:: What this task involves ::
Skipping each picture, output the entries exactly as they stand below.

Exercise data: Begin

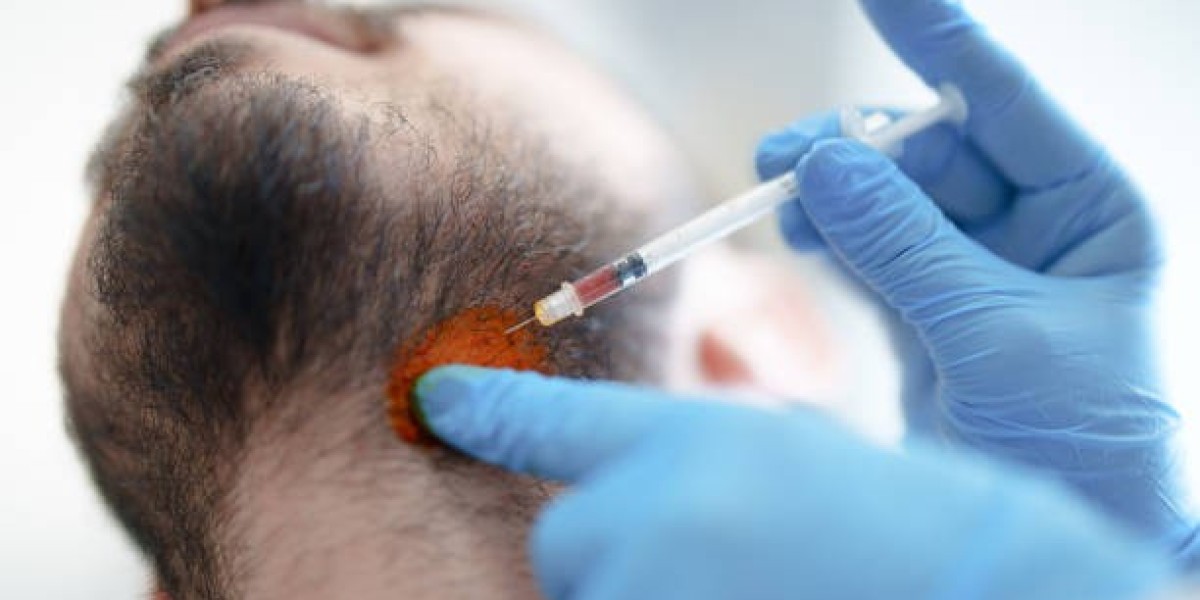 Beard Hair Transplant in Dubai: FAQs, Myths, and Facts You Should Know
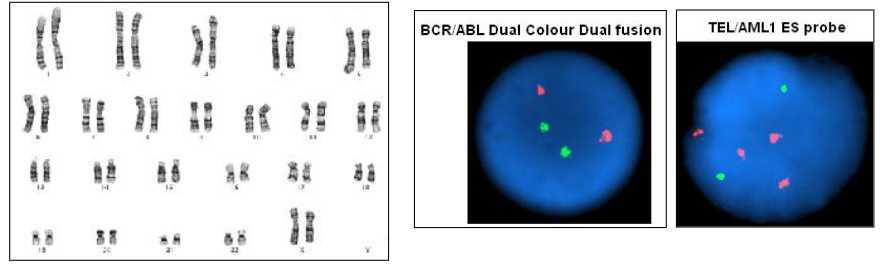 <p>- Test for chromosomes</p><p>- Test for mutations</p><p>.</p><p>Methods performed:</p><p>- Karyotype: full chromosomal analysis</p><p>- Specific (FISH): fluorescence in situ hybridisation</p><p>- Mutations: PCR; massively parallel sequencing</p>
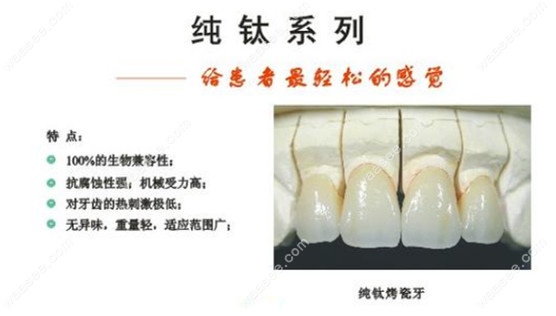 纯钛假牙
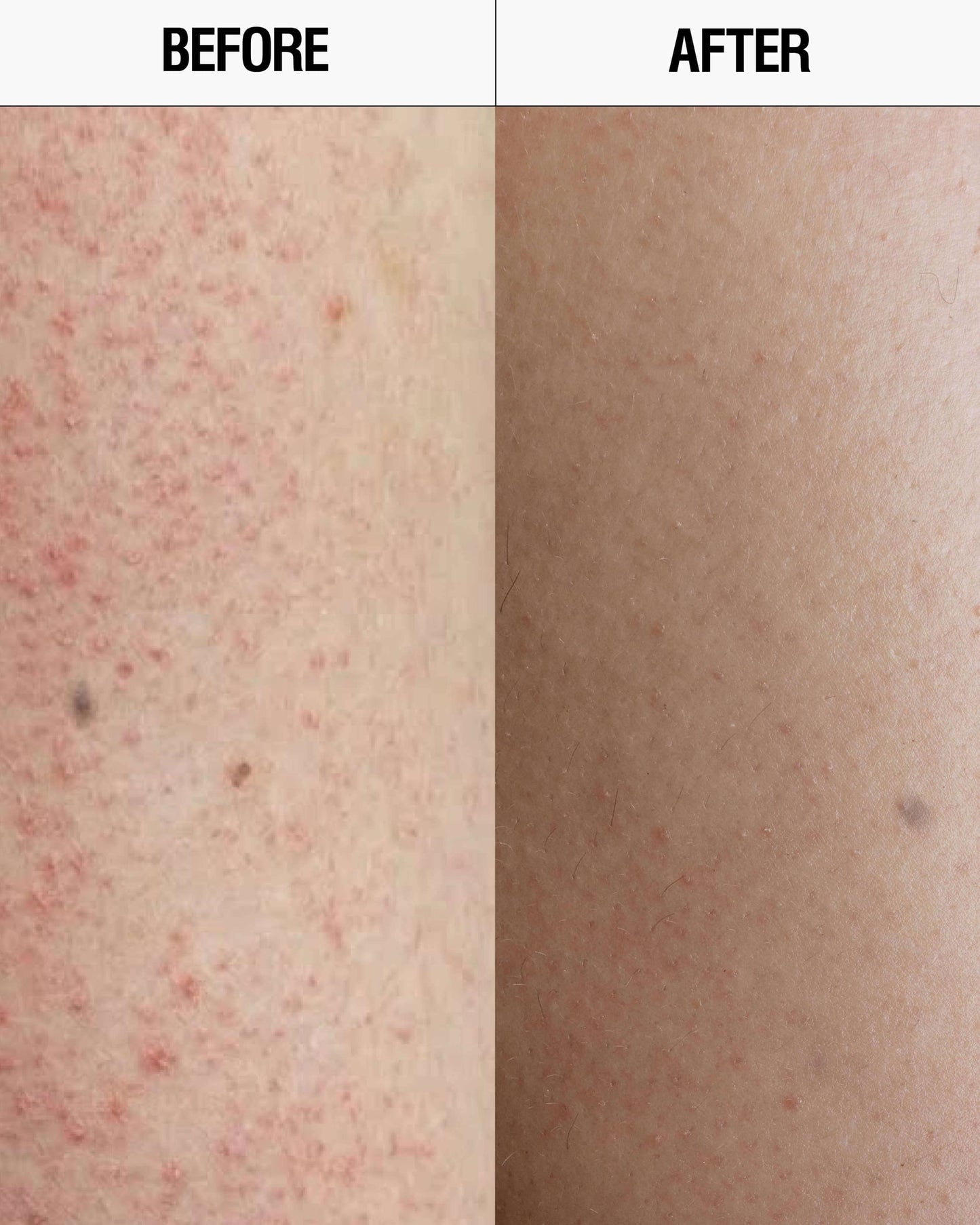 Resurfacing Targeted Body Cleanser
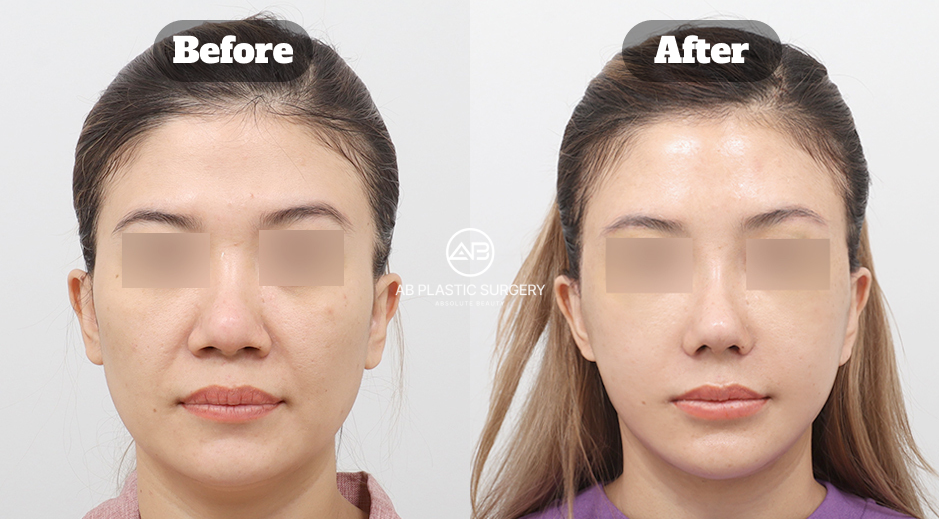 Perbandingan kondisi sebelum dan sesudah perawatan estetika regeneratif berbasis stem cell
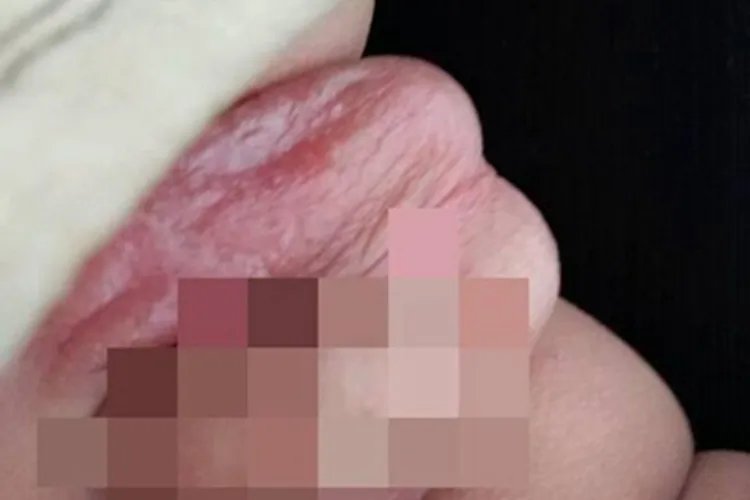 阴囊湿疹症状图片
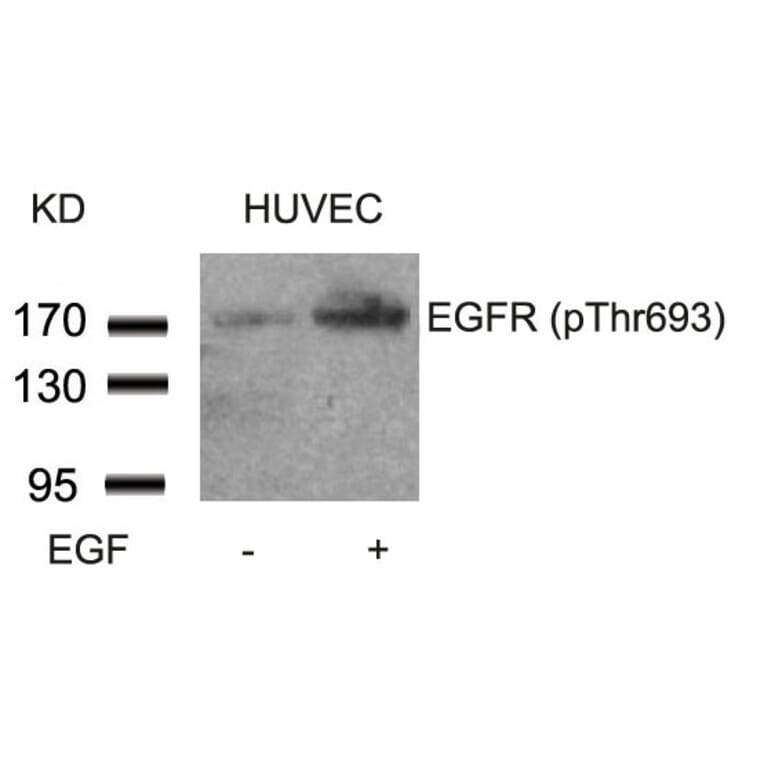 Western blot - EGFR (Phospho-Thr693) Antibody from Signalway Antibody (11187) - Antibodies.com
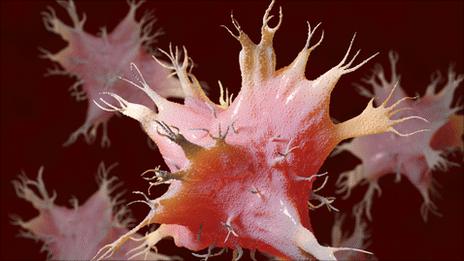 Dendritic cell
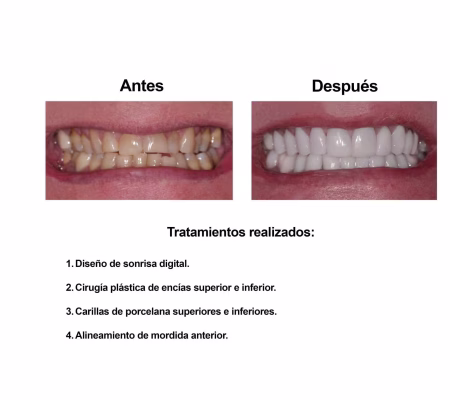 Estetica Dental Smiles Peru Carillas (6)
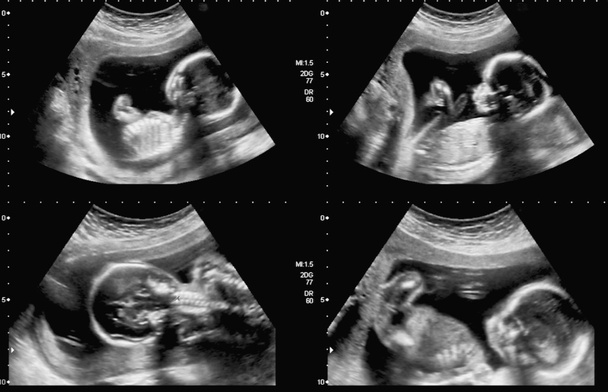 Medical images collage of ultrasound during woman pregnancy show - Photo, Image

Exercise data: End

:: Answer space ::
 Beard Hair Transplant in Dubai: FAQs, Myths, and Facts You Should Know
 <p>- Test for chromosomes</p><p>- Test for mutations</p><p>.</p><p>Methods performed:</p><p>- Karyotype: full chromosomal analysis</p><p>- Specific (FISH): fluorescence in situ hybridisation</p><p>- Mutations: PCR; massively parallel sequencing</p>
 纯钛假牙
 Resurfacing Targeted Body Cleanser
 Perbandingan kondisi sebelum dan sesudah perawatan estetika regeneratif berbasis stem cell
 阴囊湿疹症状图片
 Western blot - EGFR (Phospho-Thr693) Antibody from Signalway Antibody (11187) - Antibodies.com
 Dendritic cell
 Estetica Dental Smiles Peru Carillas (6)
 Medical images collage of ultrasound during woman pregnancy show - Photo, Image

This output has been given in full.